» **Directions for this task**
Copy out exactly the stretch below, from the line with "Принтер лазерный CACTUS" through the line with "三井のカーシェアーズ リパーク東心斎橋1丁目(自転車禁止)の地図画像", both included; the pictures stay out.

» **Source data**

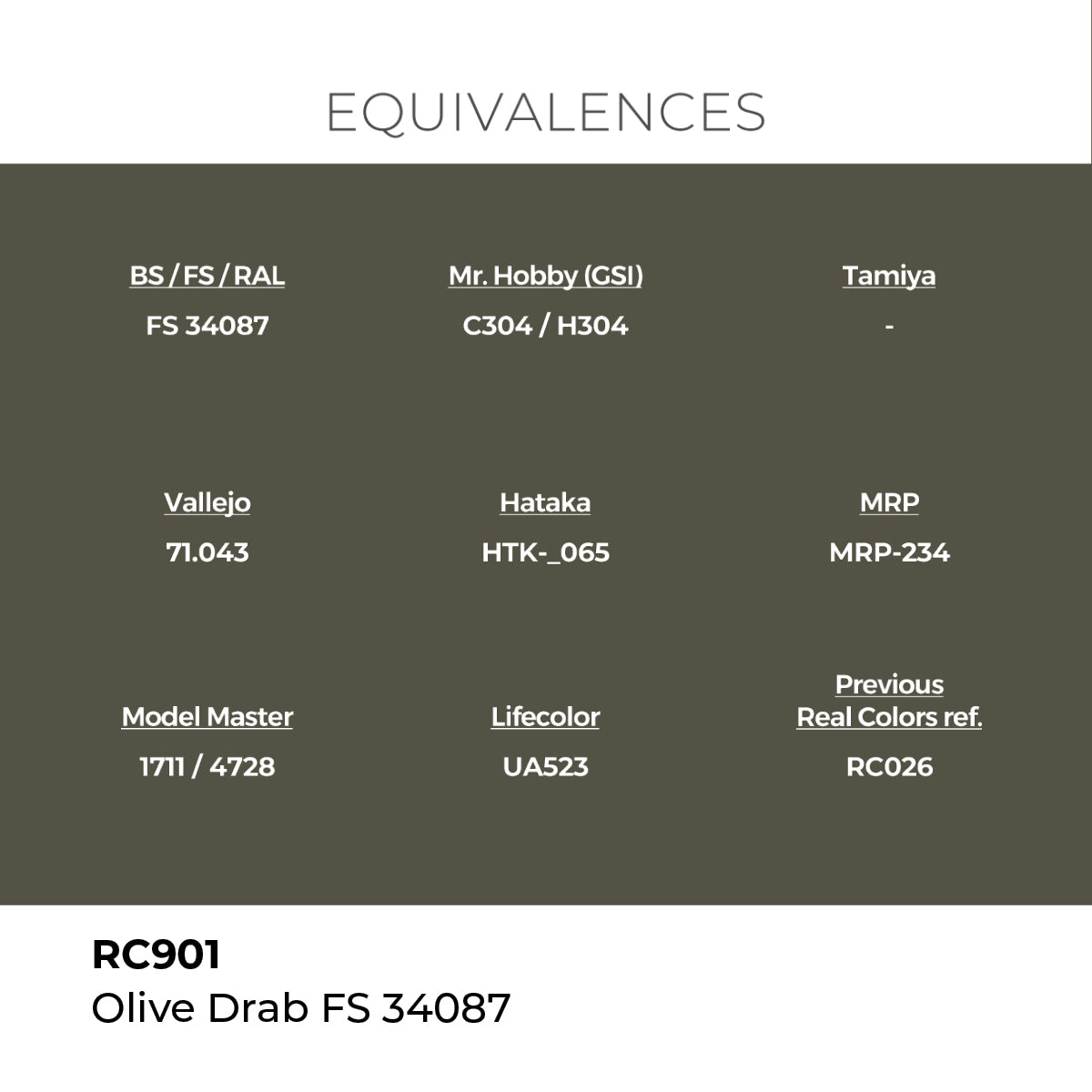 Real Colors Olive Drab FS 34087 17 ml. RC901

--

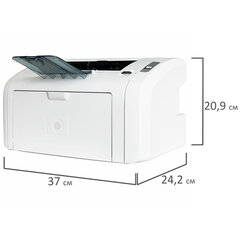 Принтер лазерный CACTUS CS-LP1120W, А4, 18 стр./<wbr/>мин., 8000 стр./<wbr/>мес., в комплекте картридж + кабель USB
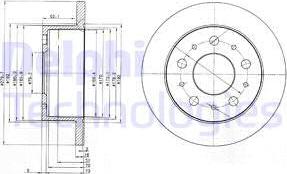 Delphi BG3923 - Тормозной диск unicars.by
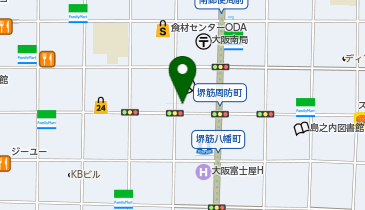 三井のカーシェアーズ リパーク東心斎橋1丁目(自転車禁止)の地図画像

» **Response to this task**
 Принтер лазерный CACTUS CS-LP1120W, А4, 18 стр./<wbr/>мин., 8000 стр./<wbr/>мес., в комплекте картридж + кабель USB
 Delphi BG3923 - Тормозной диск unicars.by
 三井のカーシェアーズ リパーク東心斎橋1丁目(自転車禁止)の地図画像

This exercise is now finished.